Who is entitled to vote at the Special Meeting?

The Record Date for the Special Meeting is January 31, 2023. You are entitled to vote at the Special Meeting only if you were a stockholder of record at the close of business on that date, or if you hold a valid proxy for the Special Meeting. Each outstanding share of common stock is entitled to one vote for all matters before the Special Meeting. At the close of business on the Record Date, there were                shares of common stock outstanding and entitled to vote at the Special Meeting.

What is the difference between being a “record holder” and holding the shares in “street name”?

A record holder holds shares in his or her name. Shares held in “street name” means shares that are held in the name of a bank or broker on a person’s behalf.

Am I entitled to vote if my shares are held in street name?

Yes. If your shares are held by a bank or a brokerage firm, you are considered the “beneficial owner” of those shares held in street name. If your shares are held in street name, these proxy materials are being provided to you by your bank or brokerage firm, along with a voting instruction card if you received printed copies of our proxy materials. As the beneficial owner, you have the right to direct your bank or brokerage firm how to vote your shares, and the bank or brokerage firm is required to vote your shares in accordance with your instructions. You must follow the instructions from your bank or brokerage firm in order for your shares to be voted. If your shares are held in street name, and you would like to vote your shares online at the Special Meeting, you must request and obtain a valid proxy from your bank or broker that gives you the right to vote the shares at the Special Meeting.

How many shares must be present to hold the Special Meeting?

A quorum must be present at the Special Meeting for any business to be conducted. The presence at the Special Meeting in person or by remote communication, or represented by proxy, of the holders of a majority in voting power of the stock issued and outstanding and entitled to vote will constitute a quorum.

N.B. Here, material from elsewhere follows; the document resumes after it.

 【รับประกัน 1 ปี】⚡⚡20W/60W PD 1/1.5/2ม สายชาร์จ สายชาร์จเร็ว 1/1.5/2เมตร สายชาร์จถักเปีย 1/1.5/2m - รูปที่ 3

Who can attend the Special Meeting?

We have decided to hold the Special Meeting entirely online. You may attend and participate in the Special Meeting by visiting the following website:                 . To attend and participate in the Special Meeting, you will need the control number included on your proxy card. If your shares are held in street name and you wish to attend the Special Meeting, you should follow the instructions that accompanied your proxy materials. The meeting webcast will begin promptly at 8:00 a.m. (Eastern Time). We encourage you to access the meeting prior to the start time. Online check-in will begin promptly at 7:45 a.m. (Eastern Time), and you should allow ample time for the check-in procedures.

What if a quorum is not present at the Special Meeting?

If a quorum is not present at the scheduled time of the Special Meeting, the person presiding over the Special Meeting is authorized by our Bylaws to adjourn the meeting, without the vote of stockholders.

What does it mean if I receive more than one set of proxy materials?

It means that your shares are held in more than one account at the transfer agent and/or with banks or brokers. Please vote all of your shares. To ensure that all of your shares are voted, for each set of proxy materials, please submit your proxy by phone, via the Internet, or, if you received printed copies of the proxy materials, by signing, dating and returning the enclosed proxy card in the enclosed envelope.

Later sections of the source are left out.